* Source data *
+===+
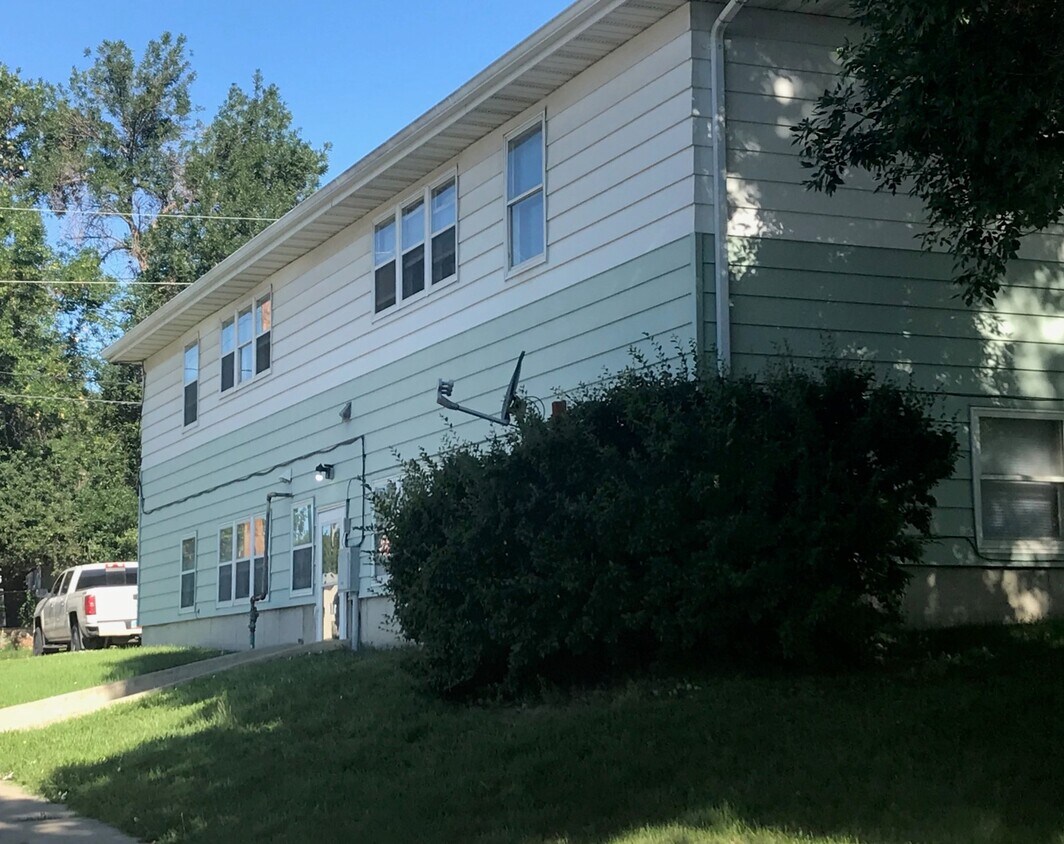 1101-6th-ave-e-unit-1-williston-nd-58801-apartments-in-williston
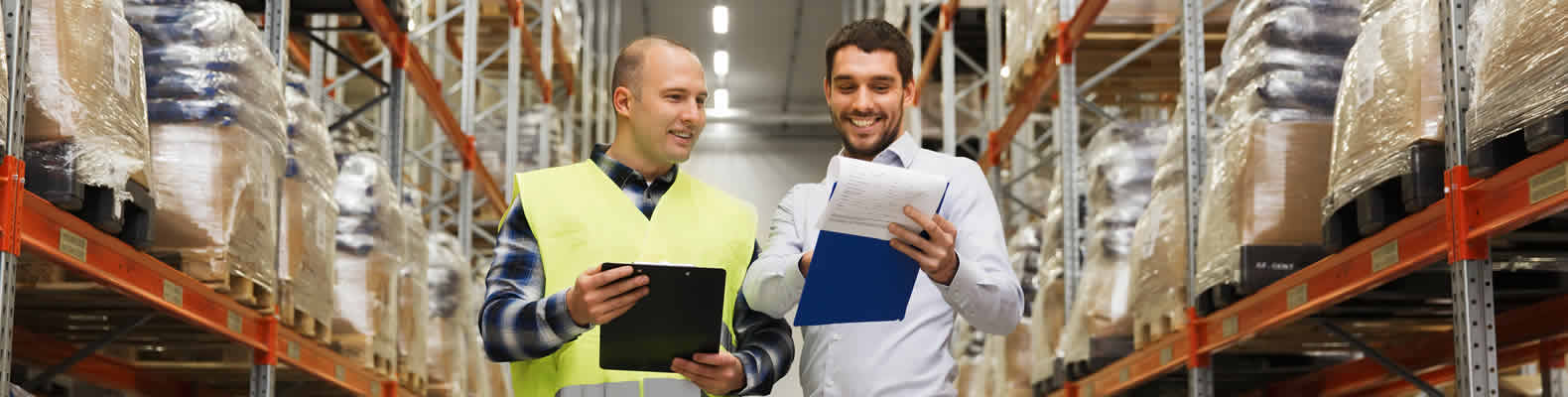 empleados de central de carga realizando un chequeo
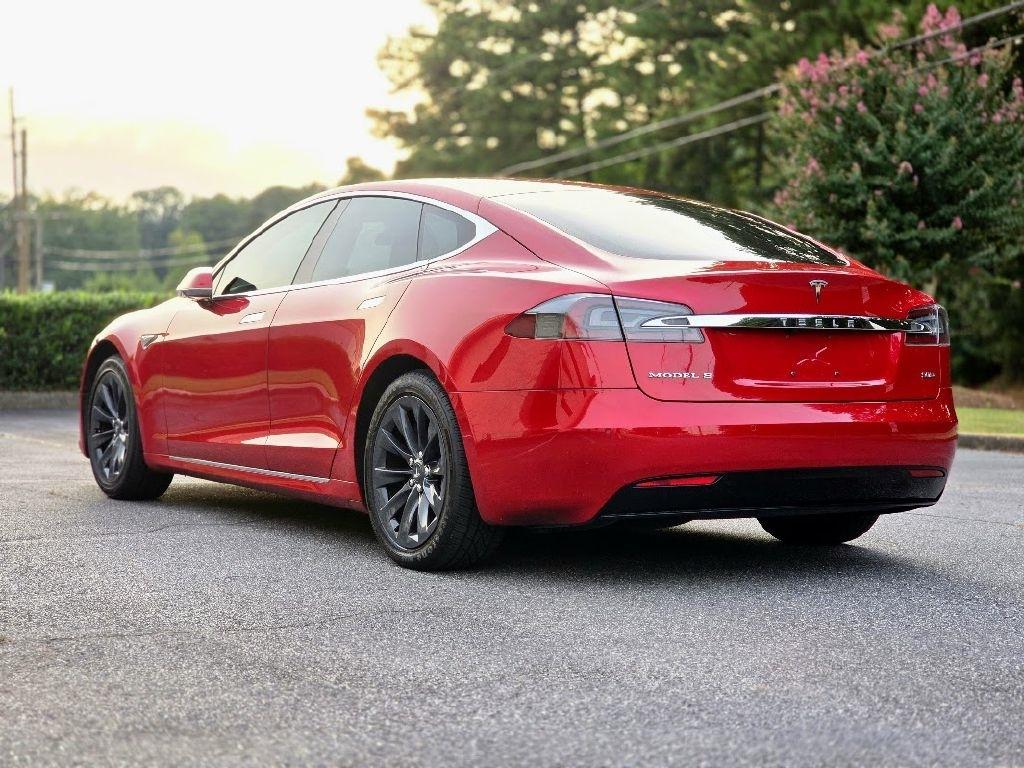 Tesla Model S 90D 2016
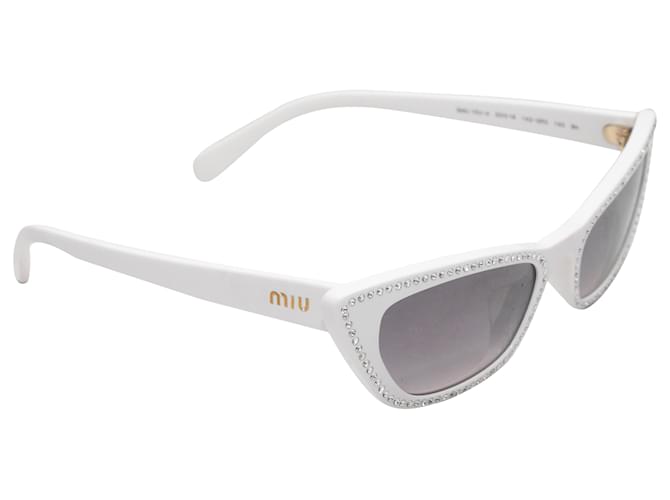 Óculos de sol olho de gato brancos Miu Miu com strass embelezados Plástico  ref.1388633
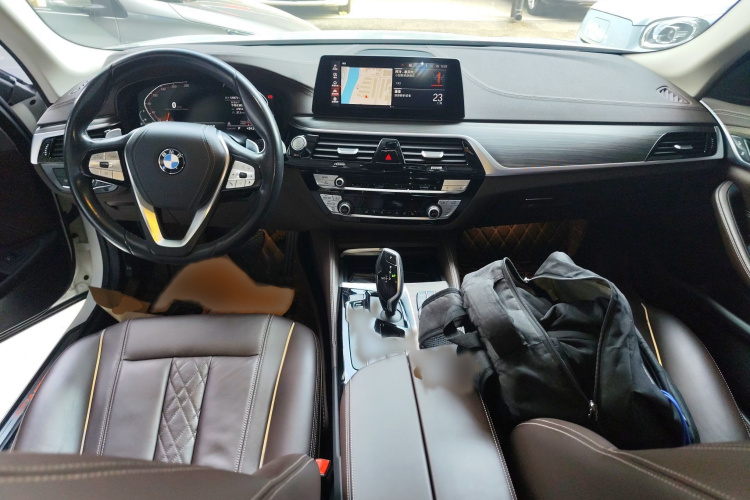 宝马5系 2020款 530Li 领先型 豪华套装中控内饰7002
+===+
* Task details *
Please reproduce exactly, and nothing more, the lines from the one containing "Óculos de sol" through the last line of the entries, both included; pictures stay out.

* Task answer *
 Óculos de sol olho de gato brancos Miu Miu com strass embelezados Plástico  ref.1388633
 宝马5系 2020款 530Li 领先型 豪华套装中控内饰7002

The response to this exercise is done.